The left figure shows a codon alignment of 38 strains of a bacterium, with an outgroup sequence (which starts with a string of SNPs: "....g...c..ca..", etc), answer the following questions (with the outgroup sequence excluded.) Do not print the figure directly. Hand-copy the sequences to a graph sheet, include only sequences at the two variable codon positions:

  1. There are two SNP sites. For each SNP, determine whether it is a synonymous or nonsynonymous change (could be both if more than 2 states). You may simply list the codons and their corresponding amino acids, at each aligned codon site.
  2. Calculate allele frequencies at each SNP site (for 3 SNP states, calculate frequencies of all three separately)
  3. List all haplotypes using the 2 SNP sites
  4. Calculate frequencies of all haplotypes
  5. Using the outgroup sequence, determine the ancestral and derived SNP, codon, and amino-acid states at each codon site. Explain with a tree including the outgroup sequence.
  • 11/26 (M).
  • 11/29 (TH). Neutral Theory & Molecular Clock (pages 58-59; 72-74)
  • 12/3 (M). Genetic Drift (pages 47-49). Computer exercises of Assignment #10 (below) will be done in class.
Assignment # (10 pts; Due 12/11, Monday)
Statistical experiments to explore gene-frequency change due to genetic drift:
  1. With R-studio, make two populations of N=1000 haploid individuals consisting of alleles "A" and "G" at a SNP site: pop1 = c(rep("A",500), rep("G",500)); pop2 = c(rep("A",100), rep("G",900))
  2. Count alleles in each population: table(pop1); table(pop2). Which population is more diverse? Why?
  3. Define a function to calculate heterozygosity: hg = function(x) {cts = table(x); total=sum(cts); if (length(cts)==1) {return(0) } else { freq1=cts[1]/total; freq2=cts[2]/total; return(1-(freq1^2+freq2^2)) } }
  4. Calculate heterozygosity of each population: hg(pop1); hg(pop2). The results should match your answer to the 2nd question.
  5. Permute population 1 and take a random sample of 100 individuals: pop1=sample(pop1); s = sample(pop1, 100); counts=table(s); heterozygosity = hg(s). Is the sample more or less diverse than the original population? Repeat 10 times and report all counts and diversity (e.g., with a table)
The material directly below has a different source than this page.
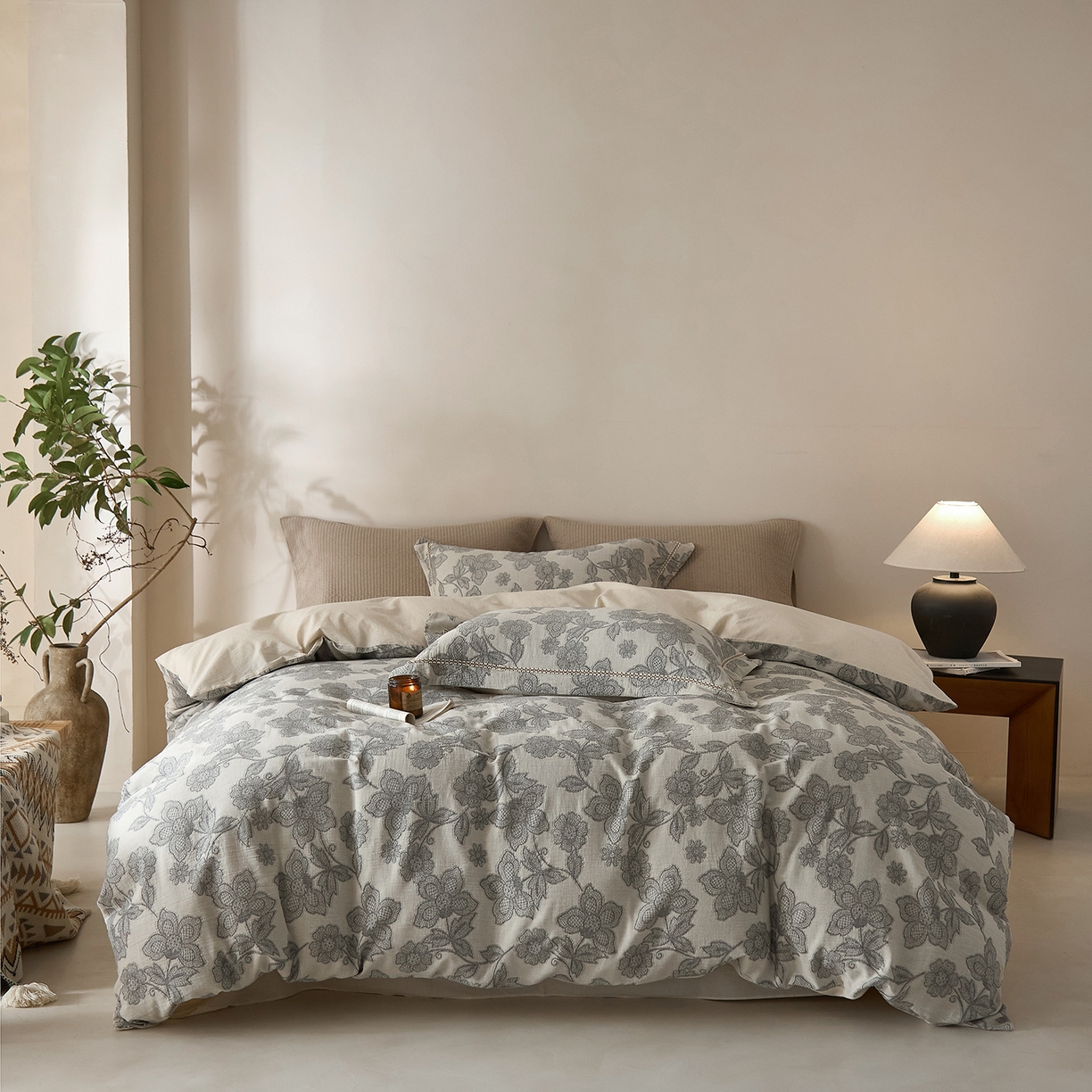 莱豫家纺 2026新款A类亚麻棉麻色织提花工艺款四件套 冷香月灰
  6. Repeat the above with a smaller sample of 10 individuals
  7. Repeat with population 2 and a sample of 100 individuals
  8. Repeat the above with a smaller sample of 10 individuals
  9. Define "genetic diversity" verbally (+2 pts for giving and using formula for calculating heterozygosity).
  10. Define "genetic drift". Using results from the above four statistical experiments, discuss the effect of genetic drift to genetic diversity within population. What's the general trend (increase or decrease) of genetic diversity as a result of random sampling of gametes? Is the gain or loss of genetic diversity due to genetic drift more rapid in small or large population (contrasting results with different sample sizes)?